Mike was several years older me (I was 16) and a right-and-proper Englishman who was a process engineer out at the Columbia Cellulose plant at Port Edward. I was prowling around the yard with my camera and spotted him taking a photo of the 9082.
I introduced myself to him and asked him if he had even been up in the cab of one of these things, which he hadn’t, which is why we were now rumbling down the track.
While Mr. Bateman and this other fellow were fussing with this and that, I told Mike to go ahead, sit in the fireman’s seat, and fire off his 8mm camera, which he did.
Mike became a great friend of the family, my Mom bargaining him his Wednesday night dinners tutoring my younger sister and I in math. As the tides of life ebb and flow, Mike ended up back in England on a family emergency, and never returned to the Colonies.
But we have been great phone friends over these many years – and when a lady friend and I were in England in 1999, Mike and I went out for dinner, and finished a bottle of fine Australian wine.
A few months ago, I got an email from a reader asking me if I knew the engine numbers of a Canadian National Railways freight train that hit a rock slide, tumbling 100 feet or so down an embankment, killing the engineer and conductor. Two GP-9’s ended up blocking Highway 16 just east of Terrace, BC.
For years I carried the front page account, with photos of the engines, as printed in the Prince Rupert Daily News. As part of this ongoing downsizing campaign, I’ve been tossing stuff out, and that article went to the dump, mere weeks before I was contacted.
I had tried to make a .pdf file of the article, but the Prince Rupert Daily News had a screen dot resolution on their press numbering in the low 50’s it seemed. There was just no making a copy of it worth a damn.
I did contact the Terrace newspaper, but their files did not go back that far, and so the Internet search went into my cold files. And I was not able to help that fellow out. So much for downsizing.
A few weeks ago, I got the bug to Google “Canadian National train wrecks,” and determined to check each page from one end of the search file to the other. After a few dozen pages, I ran into an obscure entry “trainwreck of 78." Of course, it was not the train wreck I was searching for, but I thought the site might have links to other train wrecks.
This is what I found.
The site has a lot of CNR history in my time frame, and is dedicated to the memory of an engineer by the name of Bateman, killed when a slide hit his locomotive. As I was reading this site, the hairs on my arms literally began standing up. Bateman. Bateman. I knew a Bateman in Prince Rupert!

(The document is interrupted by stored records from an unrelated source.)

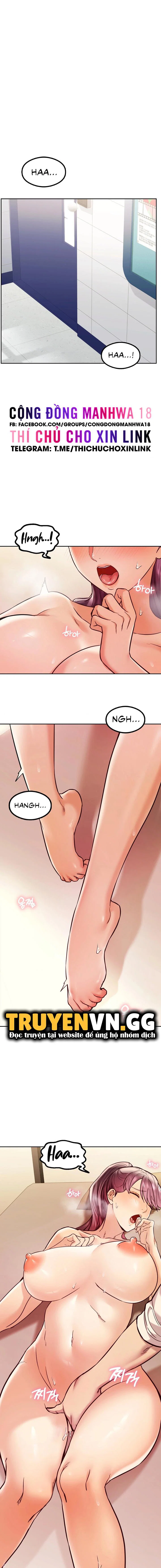 Bàn tay khiến người ta phát tình của tôi - Chapter 5 trang 3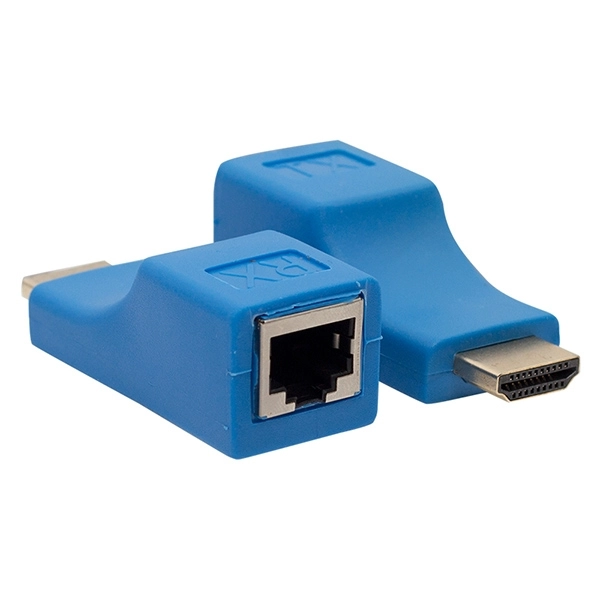 30 METRE HDMI 4K CAT5/CAT6/CAT7 UZATICI EXTENDER (RJ45 UZATMA - HDMI KABLO GEREKMEZ)   18225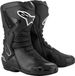 Alpinestars SMX-6 Drystar® v3 waterdichte motorlaarzen - Zwart/wit - Maat 43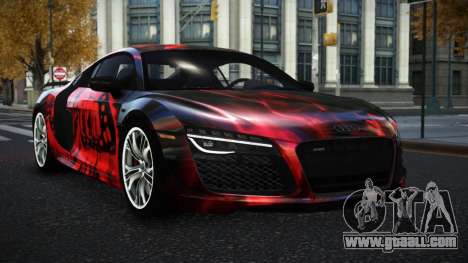 Audi R8 Ryse S10 for GTA 4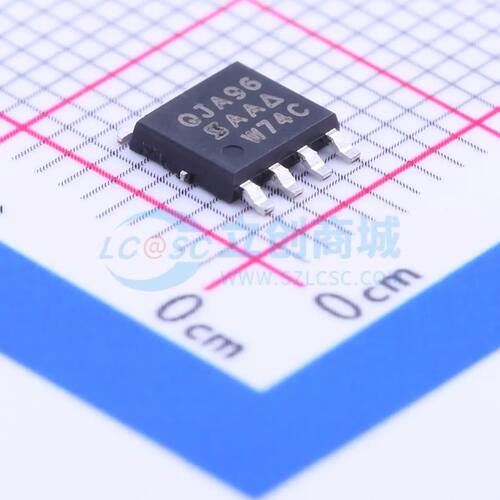 场效应管SQJA96EP-T1_GE3 PowerPAK-SO-8 80V 30A 1个N沟道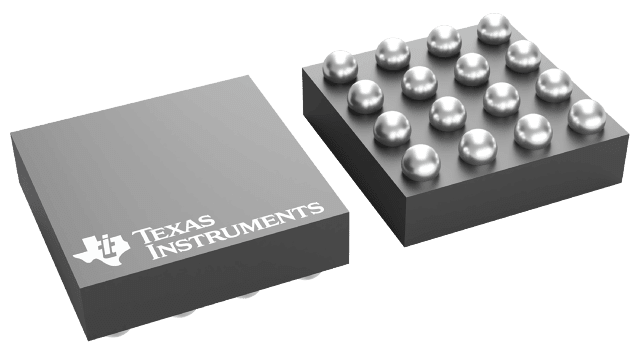 Texas Instruments TPS61372YKBR YKB0016AEAG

I scanned the negs and sent them off a few days ago, asking the site owner, Ken Bateman, if there was a connection between him and my photos taken in early 1959.
Soon enough, I got a reply “That’s my Uncle!”
And so one of my many adventures has come full circle. And more important, I’ve connected with Ken Bateman, and been able to provide him with pictures of his “Uncle John” which, I am certain, will enrich his experience. And Mike? Well, we have been chatting on the phone once or twice a month for years. I just talked to him the other day.